Safety across the board

In large-scale operations with disparate departments and tall management structures, safety programmes and training initiatives can operate in isolation. This fails to promote a culture of safety across the entire organisation and can lead to conflicting attitudes and practices related to safety within the workplace. Furthermore, the volume of assets within a warehousing and logistics environment, all producing data in real-time, means the IT infrastructure underpinning these operations is vast. In most instances today, safety-related data is stored and analysed in siloed data systems that are scattered across the organisation.

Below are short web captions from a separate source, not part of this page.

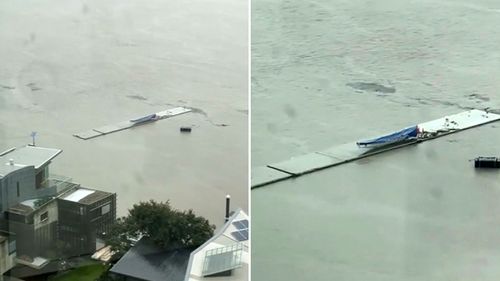 Queensland Police said a large chunk of a concrete pier, estimated to be around 40 meters long, came loose as the area was inundated with heavy rain.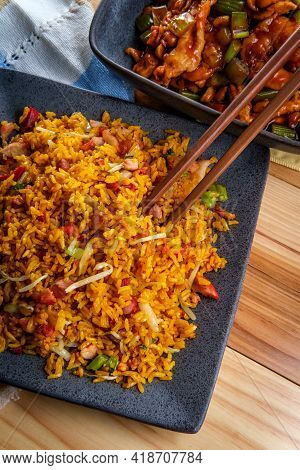 Takeout Chinese Kung Pao Chicken And Shrimp With Peanuts And Side Of Pork Fried Rice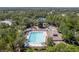 A large community pool with lounge chairs, umbrellas, and a playset surrounded by lots of trees at 13793 Dunwoody Dr, Spring Hill, FL 34609
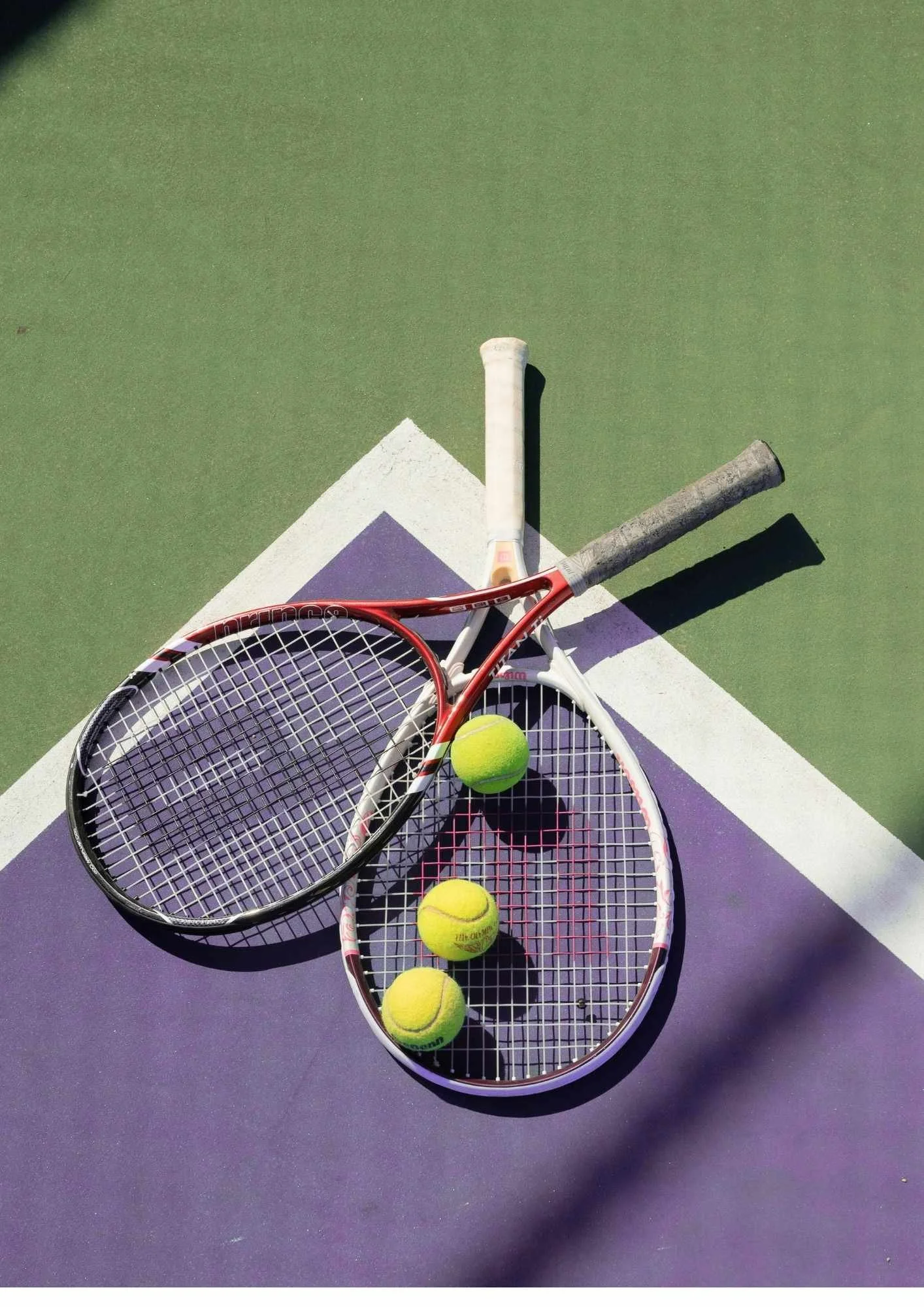 Deux raquettes de tennis avec quatre balles de tennis jaunes sur un terrain de tennis violet et vert.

Using the example of a distribution centre, storage requirements for hazardous materials may reside in an inventory system. The order-processing system assigns a place in the warehouse for hazardous materials, but may not know about the storage requirements. Information about workers trained and certified to handle hazardous materials may reside in an HR database. To ensure safe handling of hazardous, materials, the distribution centre manager would need to either have prior, tribal knowledge about materials, locations, and workers, or would need to manually cross reference three different data sources.

Advanced visual analytics solutions, such as Space-Time Insight’s Safety Intelligence, correlate data from multiple sources, analyse it, and present actionable results to users. This provides unique insights to safety professionals as to what, where, when, why and how incidents occurred or might occur on the future. By combining spatial, temporal and nodal analysis to give users a 360-degree actionable understanding of incidents that have occurred or might take place in the future, Safety Intelligence identifies patterns and anomalies that might indicate unsafe conditions and identifies what actions should be taken. This provides managers and executives with a contextualised understanding of safety incidents and concerns across an organisation, as opposed to isolated information that is difficult to correlate or act on.

Gaining a clear overview of the health and safety situation across the organisation and gathering data-led insights to help identify and solve potential hazards can make warehouses and logistics organisations safer places to work. This information can help to shape future training schemes, priority focus areas and the direction of change across the organisation required to make it a safer place to work.